Golfers shoot for state tournament bid
A compressed start followed by a month-long break is an advantage for the Fallon boys golf team.
The Greenwave tee off with their preseason icebreaker on Friday, but follow with tournaments on March 12 and back-to-back events on March 18-19.
Fallon doesn’t return to the links until April 16-17, but coach Rich Evans said it’s an opportunity for his golfers to take advantage of the hiatus and work on their game before the stretch run.
“That’s going to be a really good opportunity to hone in on the game,” Evans said. “I kind of like that because you can have a couple tournaments to see where you are sitting and where you need to improve. Then you get a month to improve on it.”
Leading the way for Fallon is a talented group spearheaded by returning state qualifier Jeff Evett and Corbin Waite, both seniors.
Waite, though, has taken his game to another level after missing the state cut by three strokes last year. He competed throughout the summer, and after completing his final year on the soccer field, returned to work on his game in preparation for a run at the state field.
Evett, meanwhile, finished 34th at state last year, but teammed with Waite, Raymond Plasse, Nick Smith, Jake Kirsch, Mike Richards II and freshman Kelvin Cannis, Evans said qualifying as a team is the goal.
“We had a pretty good offseason,” he added. “He (Evett) is looking pretty good and has a lot of potential. We are also pretty hopeful for Corbin Waite.”

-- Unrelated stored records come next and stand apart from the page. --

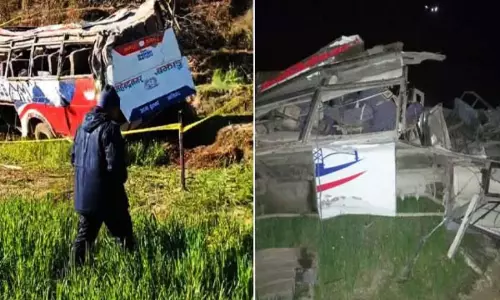 Nepal Bus Accident: నేపాల్ బస్సు ప్రమాదం .. లోయలో పడిపడి 13 మంది మృతి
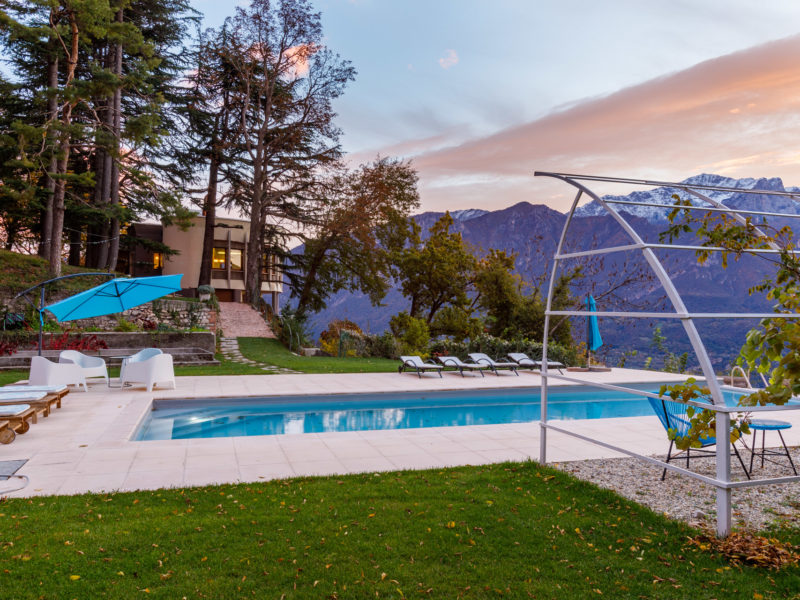 VPB_Pool, Arbour Villa Curve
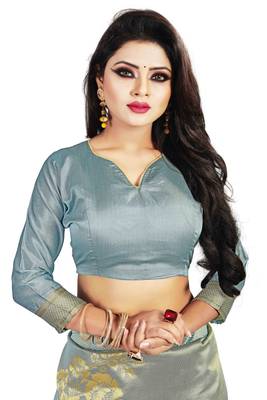 Silver woven silk blend saree with blouse 4
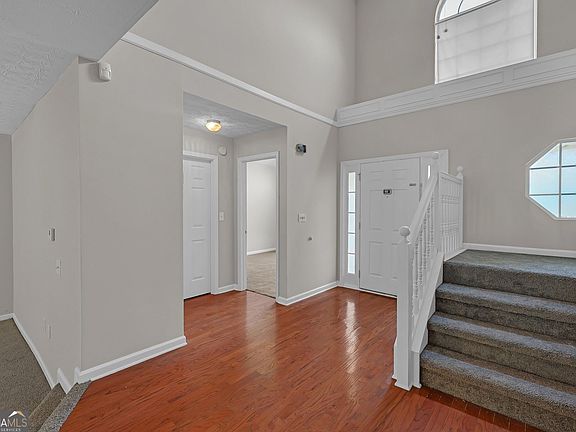 3rd image of 30 Emerson Trl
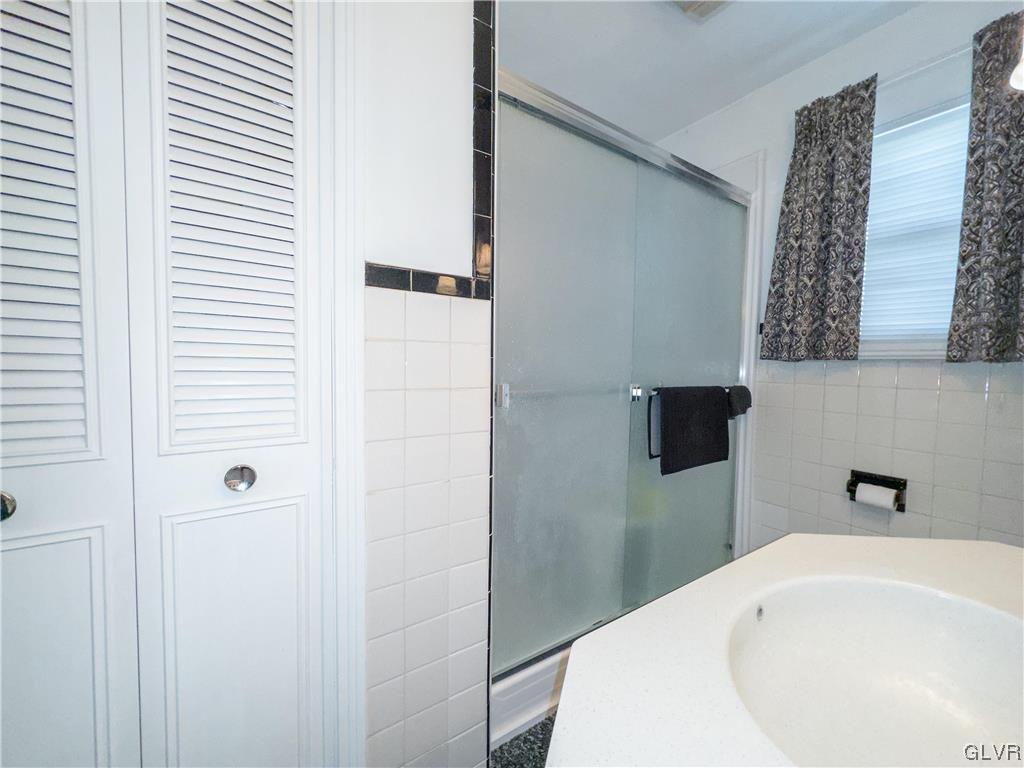 3315 Cambridge Circle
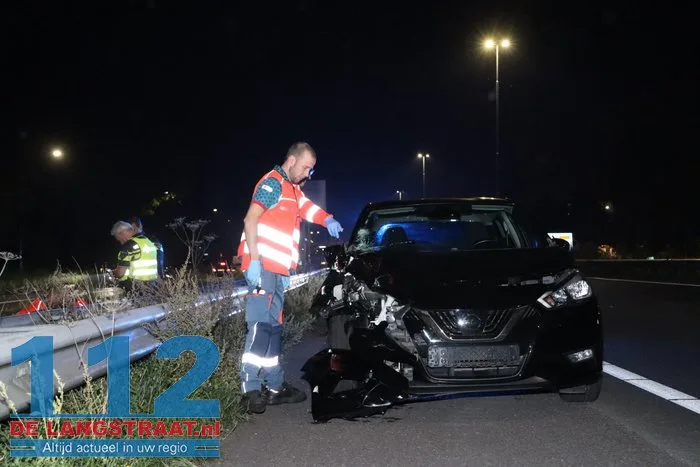 Vrouw steekt A59 bij Waalwijk over, wordt aangereden en overlijdt ter plekke: snelweg uren afgesloten 112 De Langstraat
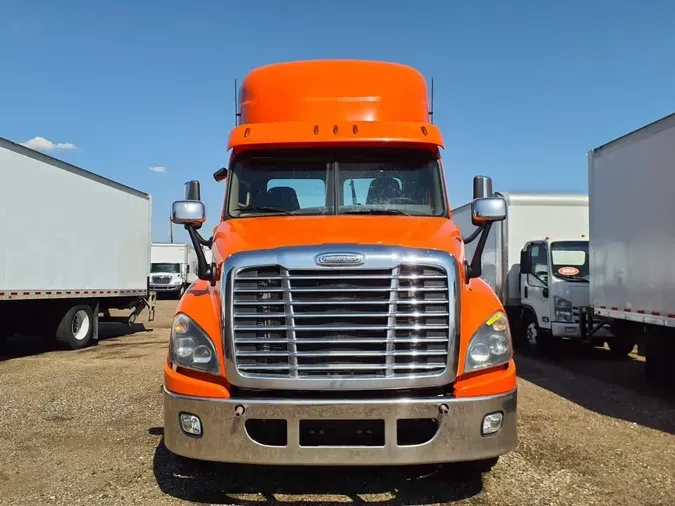 2018 FREIGHTLINER CASCADIA 125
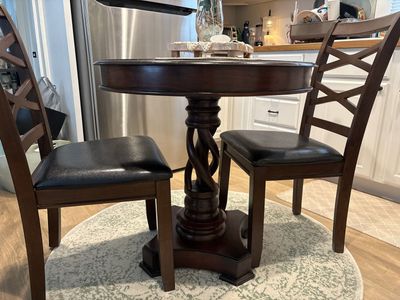 Bistro table w/2 chairs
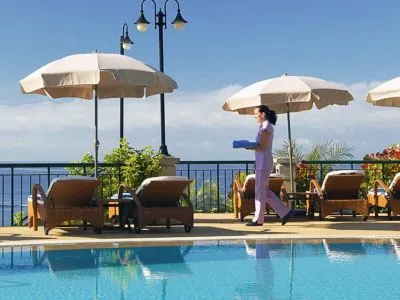 Hoteles 4 estrellas Faro Punta Delgada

Waite’s continuous play has pushed him into the No. 1 role for Friday’s icebreaker in Hawthorne.
“We’ll see, you never know, but I’m optimistic,” Evans said.
It has been four years since the Wave finished in the top three to qualifying as a team for the state tournament. That squad won the state championship, although this year’s chase for the crown will be even tougher.
Lowry, Elko and Spring Creek are always tough, while Faith Lutheran returns its six golfers (only the top five score) from its 2014 state title team.
Nevertheless, Evans is confident his bunch can turn the corner and compete for at least the third spot in the North, if not higher.
“I would love to fit into the top three,” he added. “Lowry and Elko are right up there at the top. The rest of us, we will see how we fall.”
To lower scores, Evans said the focus has been on course management, which includes knowing when to put the driver away and hit a safer club to ensure putting the ball in the fairway.
In addition, chipping and putting are always an area of practice as a solid up-and-down game drastically lowers scores.
“Being conservative is usually the best way to go, when you are going for the best score,” Evans said. “It’s not about how far you drive the ball, it’s about staying out of danger.”
Of course, the elder statesmen on the team has come to terms with holding back their egos, Evans said, but the tough part is teaching the underclassmen how to recognize the safe play.
“Incorporating that into the young kids, we will always be doing that as coaches,” he added.